Born in Mableton, Georgia, Halle picked up the cello and violin at a very young age, and like her sister learned how to play the guitar by studying YouTube tutorials. Noticing their musical development, their father, Doug Bailey, became their full-time manager, arranging for the girls – the middle pair of four siblings – to perform in the Atlanta area.
The family relocated to Los Angeles in late 2012 when Halle was 12. Two years later, Chloe x Halle signed with Beyoncé’s Parkwood Entertainment management company and record label. By 2021, the sisters had released two albums and earned a slew of industry accolades.
“One major high would definitely be when my sister and I were nominated for Grammys,” she says. “We sang Where Is the Love by Donny Hathaway and Roberta Flack, and that was actually the performance that got me noticed by Little Mermaid director Rob Marshall. It was confirmation for me that my own abilities and belief in myself [is enough]. I believed in myself for the first time.”
In addition, Bailey is a fantastic actress who made her screen debut in the 2006 romantic comedy Last Holiday. She then appeared in the 2012 films Let It Shine and Joyful Noise, and has played Skylar in the American TV sitcom Grown-ish. Completing a hat-trick of films this year is The Line, which premiered a few months before the Disney musical, and the much anticipated The Color Purple, based on the stage musical and Pulitzer Prize-winning novel by Alice Walker.

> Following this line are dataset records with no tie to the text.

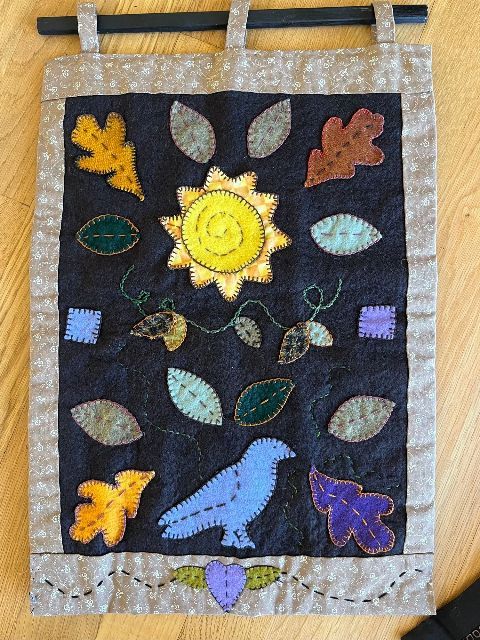 A quilt with leaves and a bird on it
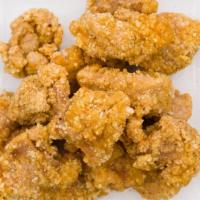 Popcorn Chicken · Juicy and tender halal chicken bites with a salt and pepper seasoning.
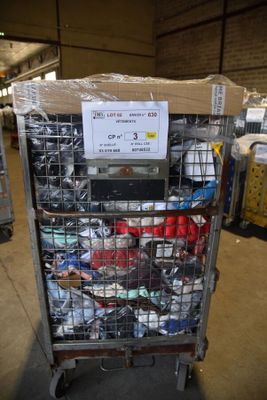 a cart with a lot of items in it in a warehouse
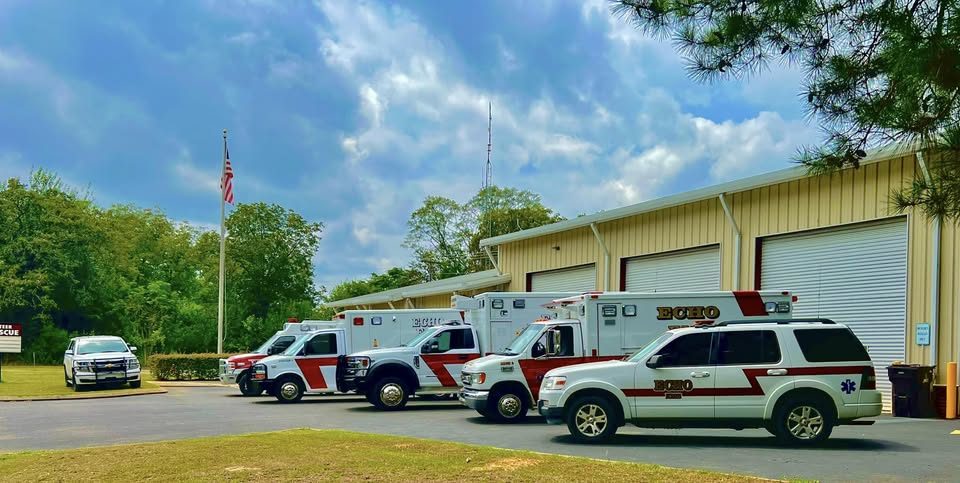 Echo EMS fleet lined up outside the station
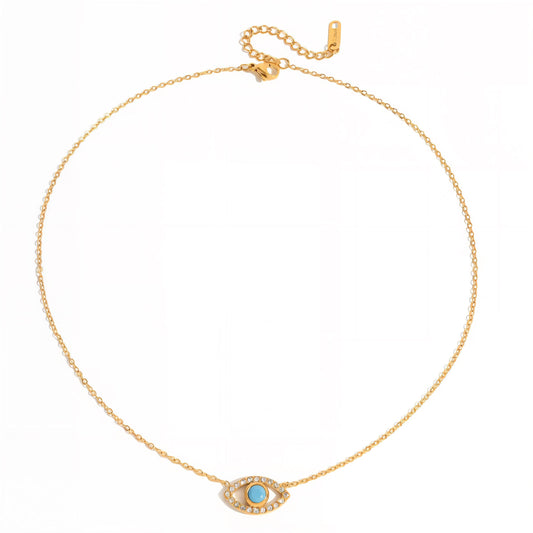 Gold necklace with a blue gemstone pendant on a white background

“I am so excited to be playing young Nettie in The Color Purple. This film has meant a lot to me for a very long time – it’s a Black family staple,” she says. “I also got a chance to write an original song for the film. It’s been really cool to incorporate my artistry into this new world of acting. I’m just so grateful to be a part of the film. I cannot wait for people to see it. I think they’ll love it.”
Breaking the mould
Early this year, when the first pictures of Bailey as Ariel appeared on social media, there was a definite shift toward a new normal that was felt all over the world. The internet was inundated with videos of young Black girls excitedly responding to an Ariel they could identify with. Disney broke the mould when choosing its lead actor, and The Little Mermaid delivered a plethora of surprises appropriate for the new decade. The movie – and Bailey – are taking the responsibility of its global impact seriously.
She says: “My main goal has always been to stay true to myself. There’s so much more to being a young woman than this fairy-tale character. I think other people have a hard time separating who Halle is and who a princess is – and that’s natural when you’re a fan of an artist. But it’s a beautiful thing to be a layered individual and not fit into one certain image.”
Bailey imagines herself working as a nurse, paediatrician or a kindergarten teacher if she had not broken into entertainment. As to whether she ever yearns for the realism seen outside the Hollywood bubble, she remarks: “It’s fun to think about, but honestly, no, because this has been my normal for so long.”
Instead, she is careful not to let her work as an artist and entertainer distract from the purpose she would like to fulfil. “The awards and the accolades and the people complimenting, it’s all great, but what [am I] here for really?” she ponders. “What am I doing to give it back to God? What am I doing actively to be a better person every single day?”
Arguably, her historic role as Ariel is indeed part of her larger purpose, and something she is – and should be – remarkably proud of. Some people believe that our fate is predetermined. Some people think we can control our own future. But for Halle Bailey, both these factors may have contributed to her extraordinary rise from child prodigy to bona fide Hollywood actress.